多様化する「エンドポイントセキュリティ」、正解はどこにあるのか:製品ごとに全く異なるアプローチ(3/3 ページ)
本稿では、@IT編集部が2016年3月11日に開催した「失敗しないエンドポイントセキュリティ製品の選び方」勉強会のレポートをお届けする。
カタログスペックでは分からない、「作り手の生の声」
さて、このように各社が製品紹介を行った本勉強会だが、筆者がまず驚いたのは、各社の発表後の来場者からの質問が非常に多かったことだ。その内容も「RSA ECATとRSA Security Analyticsとの連携はできるのか」「ラックが発表した“DNSクエリを使った攻撃”など、ゲートウェイセキュリティ製品で検知できないことがある攻撃を、Zeronaのようなエンドポイントセキュリティ製品ではどのように検知するのか」など、製品の機能やその内部技術に関する、かなり“突っ込んだ”内容の質問が続々と飛びだした。
中でも特に興味深かったのが、来場していたベンダー同士の“熱い”討論が巻き起こったことだ。例えばホワイトリスト形式で「許可したプロセス以外は実行させない」というハミングヘッズ石津氏の発表に対して、複数のエンジンを使い「問題のあるプロセスを止める」ソリトンシステムズ荒木氏が、「脆弱性攻撃では、例えばバッファオーバーフロー1つをとってもROP(Return-Oriented Programming)など複数の手法が存在しているが、その全てを止められるのか」というかなりテクニカルな内容の質問を行った。

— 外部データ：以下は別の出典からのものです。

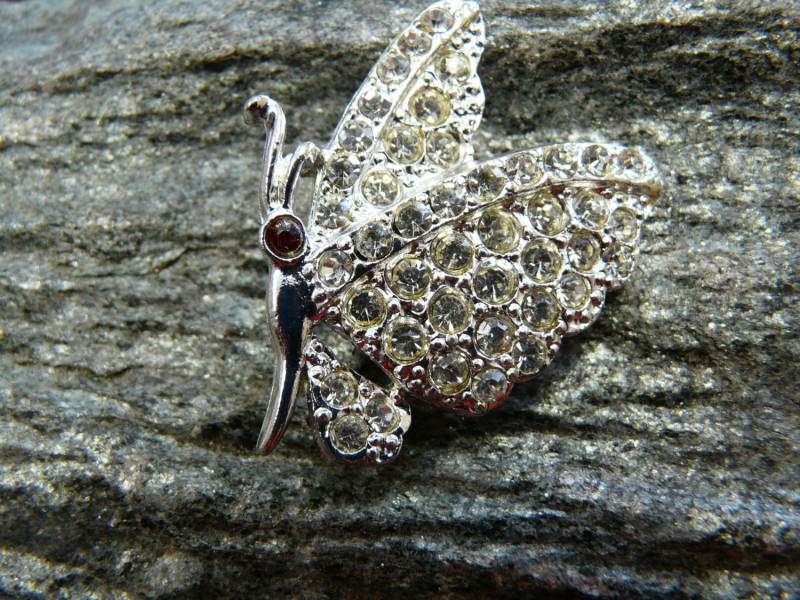 strass Schmetterling Pin von smittysvintage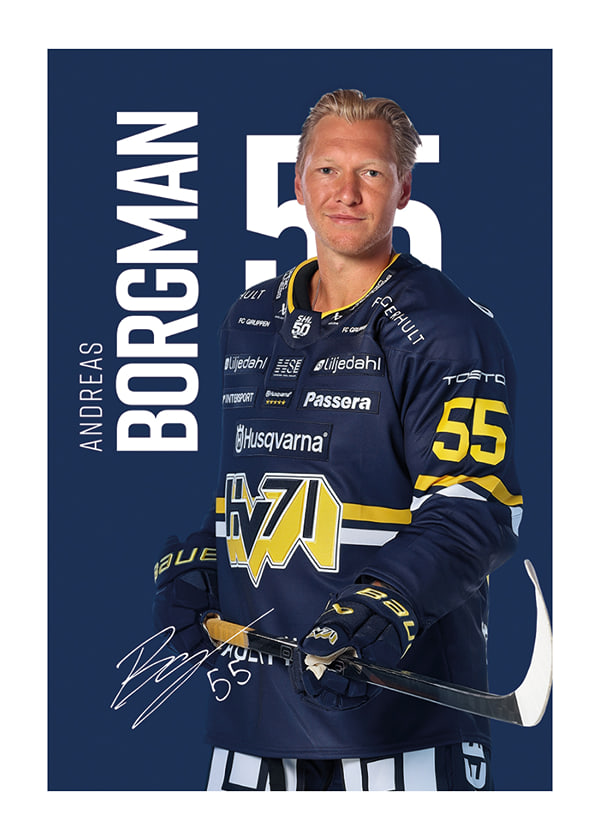Poster Andreas Borgman #55 HV71 2025/2026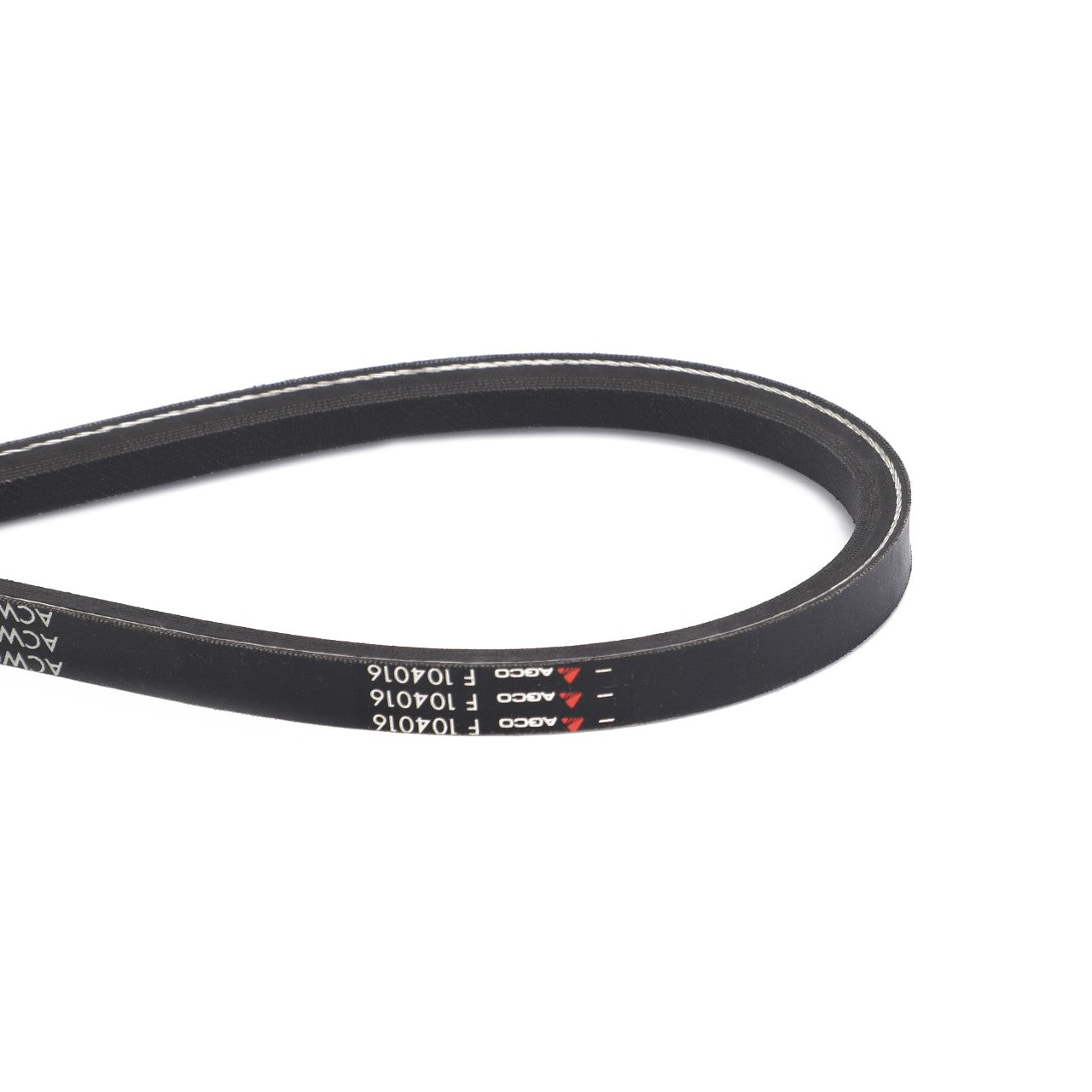 A black rubber automotive belt with the numbers "7PK1015" and the brand name "AGCO" printed in white, designed for optimal performance and noise reduction.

これに対し石津氏は、「WindowsAPIを介して命令を発行する攻撃であれば、例えばJavaの脆弱性を突く攻撃などであっても全て止められる。現在止められないとハッキリ分かっているのは、IEEE 1394経由でダイレクトメモリアクセスを行うような“WindowsAPIを経由しない”攻撃だけだ」と明確に回答した。お互いがそれぞれのプロダクトや技術に通じており、エンジニア視点を持っていることが感じられた瞬間だった。

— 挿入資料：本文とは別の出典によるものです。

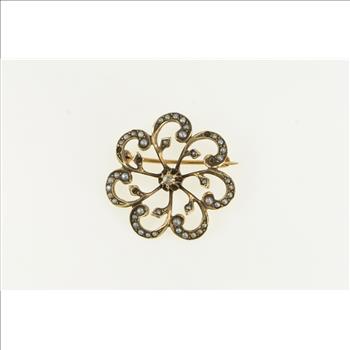 10K Victorian Diamond Seed Pearl Ornate Yellow Gold Pin/Brooch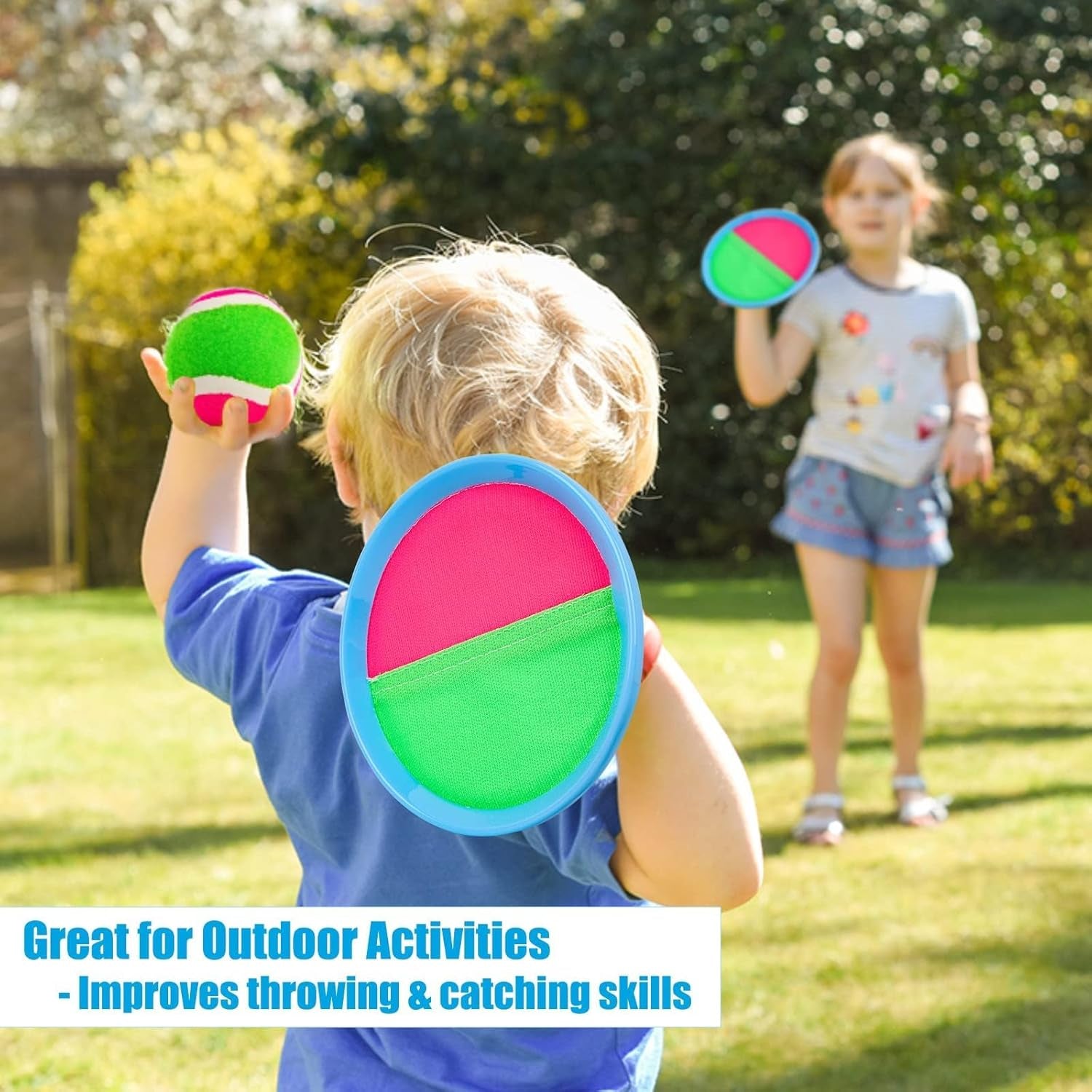Toss and Catch Paddle Ball Game Outdoor Beach Pool Sand Toys outside Lawn Yard Games for 3 4 5 6 7 8 9 10 11 12 Year Olds Girls Boys Toys Birthday Gift (2 Paddles 2 Balls)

おそらく、多くの情報システム部門やエンジニアの人たちは、製品のトレンドをつかむだけでなく、その背後にある“技術”が気になることも多いはずだ。そのような情報は、“製品カタログ”のようなものからはなかなか見えてこない。各ベンダーの、より現場に近い言葉で初めて伝わることもあるだろう。そういった意味では、このようにベンダー同士が直接やりとりする場を設けることは、ユーザーにとっても有益な機会になるのではないだろうか。